This week got a very positive message from one of our software developers working on the InnerBuddies start-up. He is working on a new proprietary InnerBuddies A.I. model that can more accurately identify the bacteria (on genus level) which are included in microbiome samples.
There are many different calculation models which are used globally in DNA sequencing. Based on a DNA sequence (a sequence of amino acids) they can compare these sequences with databases of “known bacterial sequences” and they try to find the “best match” to determine which bacteria has been found. The golden standard that is used by universities around the world is the QIIME2 library. However, there is not a lot of information available on how accurate these calculation libraries really are. The only way to know which bacteria are really included in a sample is by buying isolated bacteria on the market, by mixing them and then run the DNA sequencer on the mix. However, this is very expensive and therefore not scalable to large sample numbers (to be able to calculate a proper accuracy number).

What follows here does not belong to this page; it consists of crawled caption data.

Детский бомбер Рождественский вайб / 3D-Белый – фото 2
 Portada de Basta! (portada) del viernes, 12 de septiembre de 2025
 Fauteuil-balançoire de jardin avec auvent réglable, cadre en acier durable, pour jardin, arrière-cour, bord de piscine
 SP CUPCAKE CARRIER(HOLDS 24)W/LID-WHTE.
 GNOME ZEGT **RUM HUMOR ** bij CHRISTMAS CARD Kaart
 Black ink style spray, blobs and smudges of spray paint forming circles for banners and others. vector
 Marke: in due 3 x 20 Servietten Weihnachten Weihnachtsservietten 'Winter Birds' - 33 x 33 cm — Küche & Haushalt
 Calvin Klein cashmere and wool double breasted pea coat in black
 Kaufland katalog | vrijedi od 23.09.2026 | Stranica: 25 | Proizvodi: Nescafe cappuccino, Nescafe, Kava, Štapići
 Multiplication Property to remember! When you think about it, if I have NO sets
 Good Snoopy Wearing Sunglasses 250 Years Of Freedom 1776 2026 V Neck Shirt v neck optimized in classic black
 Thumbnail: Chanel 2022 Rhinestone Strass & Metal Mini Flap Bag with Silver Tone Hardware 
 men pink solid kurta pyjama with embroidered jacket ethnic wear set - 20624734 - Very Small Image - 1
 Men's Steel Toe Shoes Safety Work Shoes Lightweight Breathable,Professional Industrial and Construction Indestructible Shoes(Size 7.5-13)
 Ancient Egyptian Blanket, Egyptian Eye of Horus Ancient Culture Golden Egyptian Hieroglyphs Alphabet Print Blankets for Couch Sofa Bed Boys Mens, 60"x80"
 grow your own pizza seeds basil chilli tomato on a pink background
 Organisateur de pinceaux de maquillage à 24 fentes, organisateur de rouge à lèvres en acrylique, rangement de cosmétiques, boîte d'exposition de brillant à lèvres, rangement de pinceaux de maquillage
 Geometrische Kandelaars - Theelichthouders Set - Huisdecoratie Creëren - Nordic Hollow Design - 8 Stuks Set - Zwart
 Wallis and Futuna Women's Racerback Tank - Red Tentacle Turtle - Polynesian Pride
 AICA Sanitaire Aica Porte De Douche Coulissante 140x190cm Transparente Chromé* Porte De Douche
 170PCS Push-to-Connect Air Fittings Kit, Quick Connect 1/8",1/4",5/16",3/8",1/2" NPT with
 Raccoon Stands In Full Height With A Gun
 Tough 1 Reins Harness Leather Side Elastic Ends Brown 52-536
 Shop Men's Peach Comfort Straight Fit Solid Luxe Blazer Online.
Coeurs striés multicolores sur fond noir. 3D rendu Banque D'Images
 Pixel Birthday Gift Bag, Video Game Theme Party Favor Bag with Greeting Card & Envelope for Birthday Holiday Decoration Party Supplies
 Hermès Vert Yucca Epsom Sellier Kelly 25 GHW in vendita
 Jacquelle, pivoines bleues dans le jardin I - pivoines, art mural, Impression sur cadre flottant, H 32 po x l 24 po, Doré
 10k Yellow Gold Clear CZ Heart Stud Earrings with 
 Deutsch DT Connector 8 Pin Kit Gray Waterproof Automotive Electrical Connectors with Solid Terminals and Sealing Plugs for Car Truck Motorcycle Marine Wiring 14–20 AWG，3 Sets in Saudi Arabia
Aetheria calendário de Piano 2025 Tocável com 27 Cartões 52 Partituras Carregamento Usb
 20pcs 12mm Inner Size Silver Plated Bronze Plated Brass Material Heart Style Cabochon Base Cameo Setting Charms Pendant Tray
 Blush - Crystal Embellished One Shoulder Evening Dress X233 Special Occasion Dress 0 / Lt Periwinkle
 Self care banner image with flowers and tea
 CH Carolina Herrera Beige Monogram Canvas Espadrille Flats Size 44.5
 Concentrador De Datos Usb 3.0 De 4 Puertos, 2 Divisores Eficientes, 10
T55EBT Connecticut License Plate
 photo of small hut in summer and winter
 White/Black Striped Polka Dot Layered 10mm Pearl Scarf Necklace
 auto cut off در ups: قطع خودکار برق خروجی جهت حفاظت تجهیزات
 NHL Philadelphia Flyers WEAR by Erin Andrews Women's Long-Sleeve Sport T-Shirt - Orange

To be able to properly benchmark the different calculation libraries, InnerBuddies has previously invested in building a synthetic microbiome sample generator. This tool takes known bacterial signatures, puts them together inside a mix and uses an A.I. model to generate mutations on that mix. The mutations A.I. model has been trained to simulate the biological mutation process and also the errors generated by the sequencing machine. By using this tool we generated 24.000 synthetic DNA scans (with known “truth values”) and we then used this dataset to benchmark QIIME2 (the industry standard), KRAKEN2 (a new model from 2021 that we also implemented in our pipeline) and our newly developed proprietary InnerBuddies A.I. model. And guess what? Our team has managed to build an extremely accurate DNA analysis method.
The below comparison results are based on 24.000 DNA scans of the V3 and V4 areas (roughly 450 base pairs) of the 16S rRNA genome. Accuracy has been calculated on the genus level. Our own proprietary InnerBuddies calculation pipeline will shortly become available in the InnerBuddies portal and API services. The InnerBuddies method is completely different from current methods used in DNA sequencing analysis. It utilizes natural language processing techniques to analyse DNA sequences.